Dataset records
↓
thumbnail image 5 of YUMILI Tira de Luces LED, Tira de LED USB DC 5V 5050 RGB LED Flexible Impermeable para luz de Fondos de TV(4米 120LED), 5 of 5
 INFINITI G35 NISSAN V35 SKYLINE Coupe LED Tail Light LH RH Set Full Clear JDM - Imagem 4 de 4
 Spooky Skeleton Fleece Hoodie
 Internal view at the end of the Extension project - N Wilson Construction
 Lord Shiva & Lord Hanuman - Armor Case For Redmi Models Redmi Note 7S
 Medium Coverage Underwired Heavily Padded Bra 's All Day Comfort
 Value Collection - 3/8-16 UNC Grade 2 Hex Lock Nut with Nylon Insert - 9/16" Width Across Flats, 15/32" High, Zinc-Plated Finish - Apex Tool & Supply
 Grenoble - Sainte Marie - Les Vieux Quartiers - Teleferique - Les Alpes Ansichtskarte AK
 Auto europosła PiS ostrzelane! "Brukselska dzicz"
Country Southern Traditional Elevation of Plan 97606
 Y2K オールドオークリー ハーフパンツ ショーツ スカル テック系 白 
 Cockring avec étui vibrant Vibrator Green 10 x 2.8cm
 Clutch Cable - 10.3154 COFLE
↑
Try it ->
Exactly the lines from the one containing "Grenoble - Sainte" through the last line of the records are to be transcribed, both endpoints included.

Completed exercise ->
 Grenoble - Sainte Marie - Les Vieux Quartiers - Teleferique - Les Alpes Ansichtskarte AK
 Auto europosła PiS ostrzelane! "Brukselska dzicz"
Country Southern Traditional Elevation of Plan 97606
 Y2K オールドオークリー ハーフパンツ ショーツ スカル テック系 白 
 Cockring avec étui vibrant Vibrator Green 10 x 2.8cm
 Clutch Cable - 10.3154 COFLE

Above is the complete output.